Under these circumstances, it was appropriate for the trial court to find that appellant's affidavit contradicted her earlier deposition testimony. Accordingly, appellant's fourth assignment of error is meritless.
A further reason that the affidavit failed to create any dispute as to an issue of material fact is found in our analysis of the remaining assignments of error. To summarize, appellant's affidavit contained only conclusory statements, statements which failed to demonstrate proximate cause, and statements which were unsupported personal opinion.
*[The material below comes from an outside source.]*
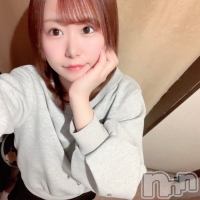 Girls Bar Bacchus�������Ź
For example, in the first assignment of error, appellant contends that appellee created the hazardous condition of a slippery dance floor by not implementing a uniform maintenance policy, and by haphazardly tossing wax onto the dance floor.
Appellee counters, in part, by maintaining that appellant was unable to precisely explain the reason for her fall. In a slip and fall case, it is incumbent upon the plaintiff to "identify or explain the reason for the fall." Stamper v. Middletown Hosp. Assn. (1989), 65 Ohio App. 3d 65,67-68, citing Cleveland Athletic Assn. Co. v. Bending (1934),129 Ohio St. 152. If, however, the plaintiff is unable to identify the cause of the fall, then "a finding of negligence on the part of the defendant is precluded." Stamper at 68.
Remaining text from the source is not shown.